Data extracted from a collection
************

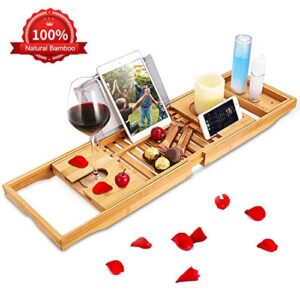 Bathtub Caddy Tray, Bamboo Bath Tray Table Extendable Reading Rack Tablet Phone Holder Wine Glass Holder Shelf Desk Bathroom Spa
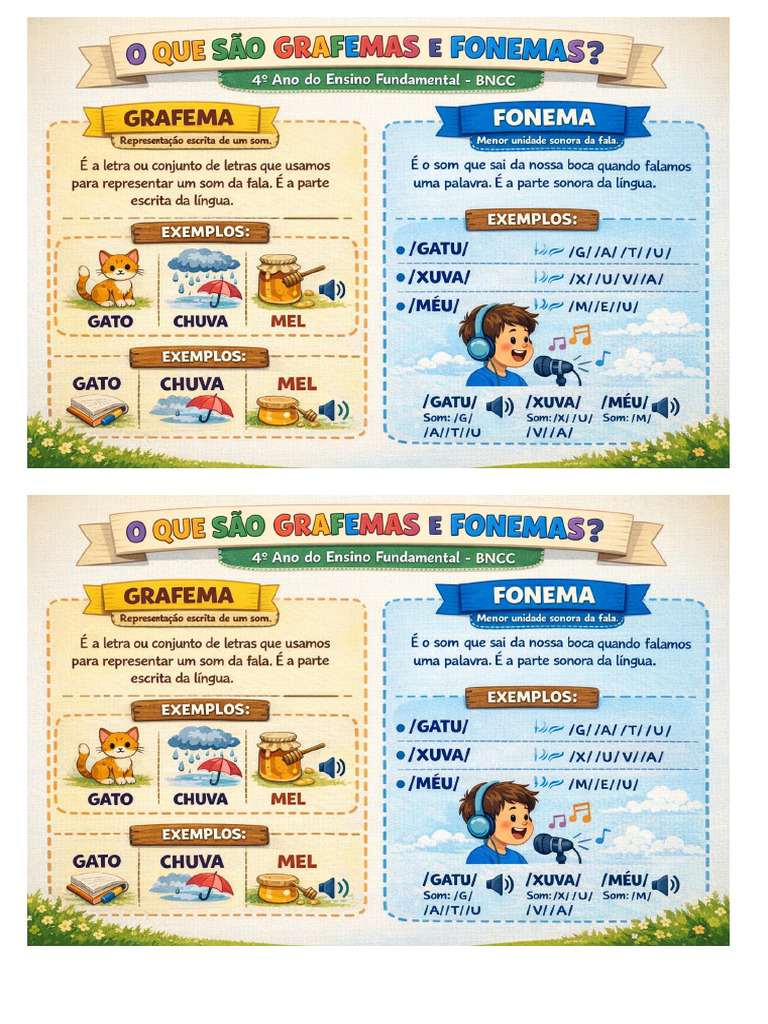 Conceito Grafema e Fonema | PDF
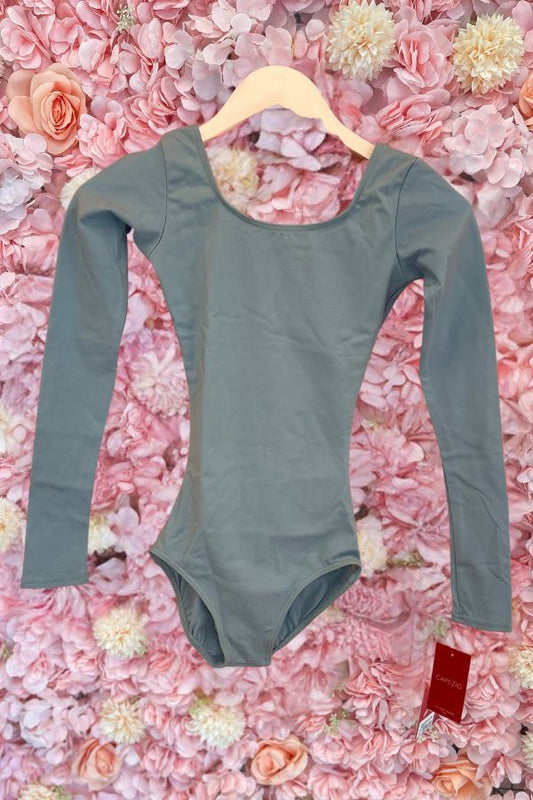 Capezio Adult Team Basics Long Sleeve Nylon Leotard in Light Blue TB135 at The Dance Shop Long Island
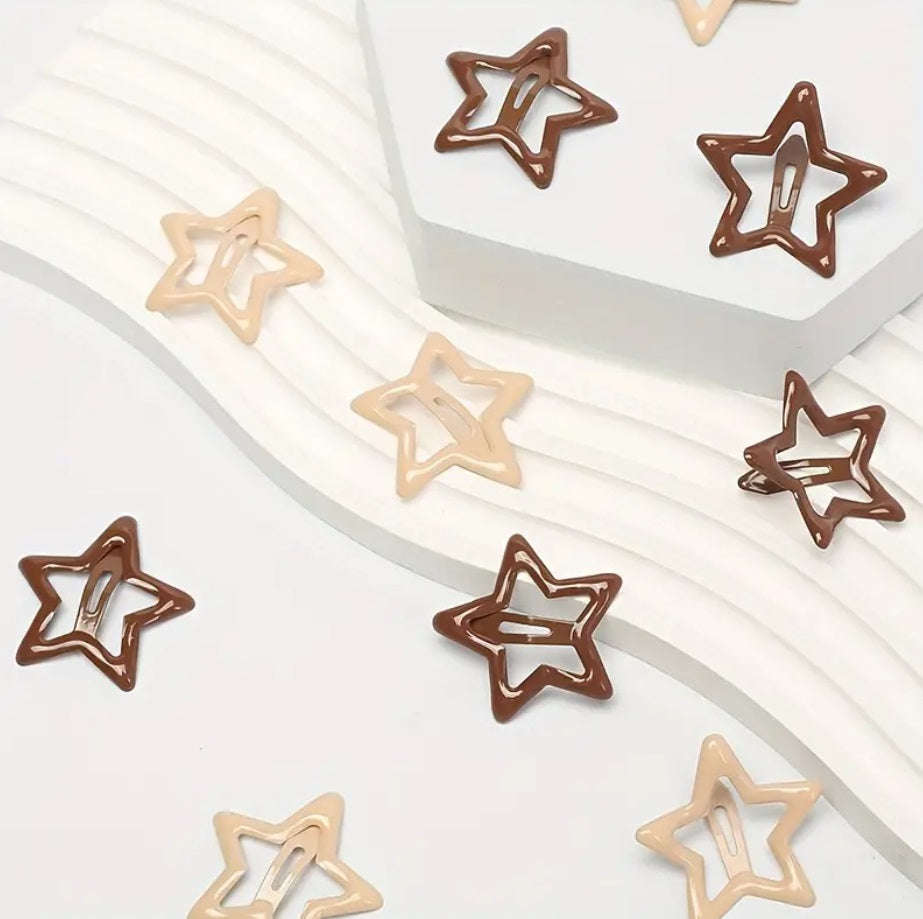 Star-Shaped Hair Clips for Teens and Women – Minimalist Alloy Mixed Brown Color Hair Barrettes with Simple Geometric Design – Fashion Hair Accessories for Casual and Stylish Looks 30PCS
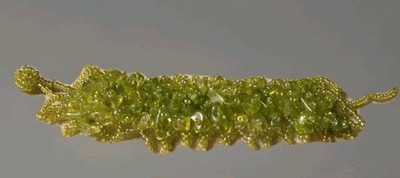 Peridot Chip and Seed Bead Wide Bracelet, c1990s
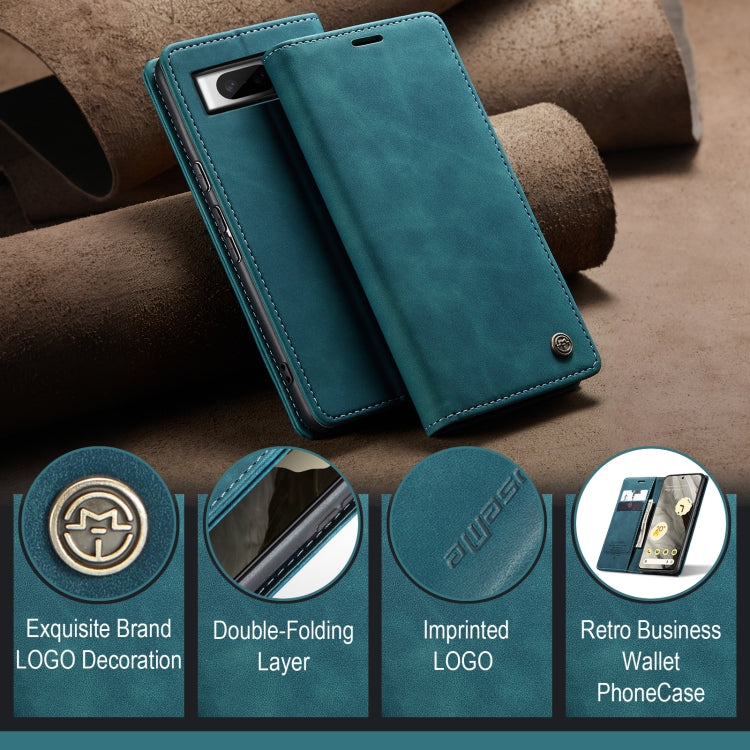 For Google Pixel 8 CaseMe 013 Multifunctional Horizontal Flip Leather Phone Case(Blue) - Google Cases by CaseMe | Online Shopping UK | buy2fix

************

Above are the records; set down exactly the lines from the line containing "Capezio Adult Team" through their last line, leaving every picture out.

 Capezio Adult Team Basics Long Sleeve Nylon Leotard in Light Blue TB135 at The Dance Shop Long Island
 Star-Shaped Hair Clips for Teens and Women – Minimalist Alloy Mixed Brown Color Hair Barrettes with Simple Geometric Design – Fashion Hair Accessories for Casual and Stylish Looks 30PCS
 Peridot Chip and Seed Bead Wide Bracelet, c1990s
 For Google Pixel 8 CaseMe 013 Multifunctional Horizontal Flip Leather Phone Case(Blue) - Google Cases by CaseMe | Online Shopping UK | buy2fix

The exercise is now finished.